Exercise objective: Each of the records must appear again, exactly as it was written.

........

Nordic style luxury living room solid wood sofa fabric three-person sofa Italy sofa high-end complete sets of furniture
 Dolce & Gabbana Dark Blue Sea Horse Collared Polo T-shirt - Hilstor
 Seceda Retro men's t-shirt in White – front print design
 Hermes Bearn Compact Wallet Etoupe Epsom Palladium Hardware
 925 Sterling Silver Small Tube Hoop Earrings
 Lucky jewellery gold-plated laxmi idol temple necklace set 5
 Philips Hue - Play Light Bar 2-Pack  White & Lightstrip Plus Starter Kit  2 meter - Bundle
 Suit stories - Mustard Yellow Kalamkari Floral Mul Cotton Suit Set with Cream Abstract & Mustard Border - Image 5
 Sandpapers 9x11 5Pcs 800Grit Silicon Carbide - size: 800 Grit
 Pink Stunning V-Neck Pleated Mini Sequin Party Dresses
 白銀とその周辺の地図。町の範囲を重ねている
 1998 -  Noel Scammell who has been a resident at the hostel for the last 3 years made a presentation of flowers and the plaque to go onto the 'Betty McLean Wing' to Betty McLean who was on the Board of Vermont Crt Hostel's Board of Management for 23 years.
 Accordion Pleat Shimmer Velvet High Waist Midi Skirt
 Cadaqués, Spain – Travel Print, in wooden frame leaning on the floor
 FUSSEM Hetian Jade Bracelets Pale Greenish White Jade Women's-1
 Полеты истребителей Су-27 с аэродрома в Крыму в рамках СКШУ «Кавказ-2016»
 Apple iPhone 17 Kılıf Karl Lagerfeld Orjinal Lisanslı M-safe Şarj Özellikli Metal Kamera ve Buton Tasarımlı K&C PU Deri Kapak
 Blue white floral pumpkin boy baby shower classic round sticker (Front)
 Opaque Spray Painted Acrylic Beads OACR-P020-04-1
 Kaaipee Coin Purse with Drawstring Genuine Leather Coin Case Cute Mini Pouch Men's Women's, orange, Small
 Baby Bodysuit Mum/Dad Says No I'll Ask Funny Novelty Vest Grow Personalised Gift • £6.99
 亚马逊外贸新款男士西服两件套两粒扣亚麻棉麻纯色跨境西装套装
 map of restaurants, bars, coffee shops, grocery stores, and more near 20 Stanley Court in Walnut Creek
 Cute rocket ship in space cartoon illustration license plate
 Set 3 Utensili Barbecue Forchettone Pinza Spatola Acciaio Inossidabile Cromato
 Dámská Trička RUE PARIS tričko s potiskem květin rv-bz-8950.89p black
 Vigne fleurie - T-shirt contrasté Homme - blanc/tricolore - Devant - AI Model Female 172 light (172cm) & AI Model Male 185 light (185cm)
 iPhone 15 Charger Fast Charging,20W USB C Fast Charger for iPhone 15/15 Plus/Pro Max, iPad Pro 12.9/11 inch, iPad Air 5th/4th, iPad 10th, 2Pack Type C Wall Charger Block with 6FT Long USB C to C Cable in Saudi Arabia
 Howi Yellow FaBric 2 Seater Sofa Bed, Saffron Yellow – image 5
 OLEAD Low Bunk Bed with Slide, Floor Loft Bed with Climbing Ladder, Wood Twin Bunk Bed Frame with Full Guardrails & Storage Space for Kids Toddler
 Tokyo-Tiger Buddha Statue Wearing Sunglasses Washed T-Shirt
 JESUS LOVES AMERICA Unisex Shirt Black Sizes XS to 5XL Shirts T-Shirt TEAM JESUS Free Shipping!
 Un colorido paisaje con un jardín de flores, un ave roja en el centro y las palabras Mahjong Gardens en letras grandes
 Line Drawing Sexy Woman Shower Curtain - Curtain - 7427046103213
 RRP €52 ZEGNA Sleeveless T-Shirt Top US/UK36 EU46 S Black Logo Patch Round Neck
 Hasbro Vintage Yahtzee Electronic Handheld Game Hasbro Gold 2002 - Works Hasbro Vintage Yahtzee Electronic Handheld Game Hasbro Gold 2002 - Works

........

Your solution:
Nordic style luxury living room solid wood sofa fabric three-person sofa Italy sofa high-end complete sets of furniture
 Dolce & Gabbana Dark Blue Sea Horse Collared Polo T-shirt - Hilstor
 Seceda Retro men's t-shirt in White – front print design
 Hermes Bearn Compact Wallet Etoupe Epsom Palladium Hardware
 925 Sterling Silver Small Tube Hoop Earrings
 Lucky jewellery gold-plated laxmi idol temple necklace set 5
 Philips Hue - Play Light Bar 2-Pack  White & Lightstrip Plus Starter Kit  2 meter - Bundle
 Suit stories - Mustard Yellow Kalamkari Floral Mul Cotton Suit Set with Cream Abstract & Mustard Border - Image 5
 Sandpapers 9x11 5Pcs 800Grit Silicon Carbide - size: 800 Grit
 Pink Stunning V-Neck Pleated Mini Sequin Party Dresses
 白銀とその周辺の地図。町の範囲を重ねている
 1998 -  Noel Scammell who has been a resident at the hostel for the last 3 years made a presentation of flowers and the plaque to go onto the 'Betty McLean Wing' to Betty McLean who was on the Board of Vermont Crt Hostel's Board of Management for 23 years.
 Accordion Pleat Shimmer Velvet High Waist Midi Skirt
 Cadaqués, Spain – Travel Print, in wooden frame leaning on the floor
 FUSSEM Hetian Jade Bracelets Pale Greenish White Jade Women's-1
 Полеты истребителей Су-27 с аэродрома в Крыму в рамках СКШУ «Кавказ-2016»
 Apple iPhone 17 Kılıf Karl Lagerfeld Orjinal Lisanslı M-safe Şarj Özellikli Metal Kamera ve Buton Tasarımlı K&C PU Deri Kapak
 Blue white floral pumpkin boy baby shower classic round sticker (Front)
 Opaque Spray Painted Acrylic Beads OACR-P020-04-1
 Kaaipee Coin Purse with Drawstring Genuine Leather Coin Case Cute Mini Pouch Men's Women's, orange, Small
 Baby Bodysuit Mum/Dad Says No I'll Ask Funny Novelty Vest Grow Personalised Gift • £6.99
 亚马逊外贸新款男士西服两件套两粒扣亚麻棉麻纯色跨境西装套装
 map of restaurants, bars, coffee shops, grocery stores, and more near 20 Stanley Court in Walnut Creek
 Cute rocket ship in space cartoon illustration license plate
 Set 3 Utensili Barbecue Forchettone Pinza Spatola Acciaio Inossidabile Cromato
 Dámská Trička RUE PARIS tričko s potiskem květin rv-bz-8950.89p black
 Vigne fleurie - T-shirt contrasté Homme - blanc/tricolore - Devant - AI Model Female 172 light (172cm) & AI Model Male 185 light (185cm)
 iPhone 15 Charger Fast Charging,20W USB C Fast Charger for iPhone 15/15 Plus/Pro Max, iPad Pro 12.9/11 inch, iPad Air 5th/4th, iPad 10th, 2Pack Type C Wall Charger Block with 6FT Long USB C to C Cable in Saudi Arabia
 Howi Yellow FaBric 2 Seater Sofa Bed, Saffron Yellow – image 5
 OLEAD Low Bunk Bed with Slide, Floor Loft Bed with Climbing Ladder, Wood Twin Bunk Bed Frame with Full Guardrails & Storage Space for Kids Toddler
 Tokyo-Tiger Buddha Statue Wearing Sunglasses Washed T-Shirt
 JESUS LOVES AMERICA Unisex Shirt Black Sizes XS to 5XL Shirts T-Shirt TEAM JESUS Free Shipping!
 Un colorido paisaje con un jardín de flores, un ave roja en el centro y las palabras Mahjong Gardens en letras grandes
 Line Drawing Sexy Woman Shower Curtain - Curtain - 7427046103213
 RRP €52 ZEGNA Sleeveless T-Shirt Top US/UK36 EU46 S Black Logo Patch Round Neck
 Hasbro Vintage Yahtzee Electronic Handheld Game Hasbro Gold 2002 - Works Hasbro Vintage Yahtzee Electronic Handheld Game Hasbro Gold 2002 - Works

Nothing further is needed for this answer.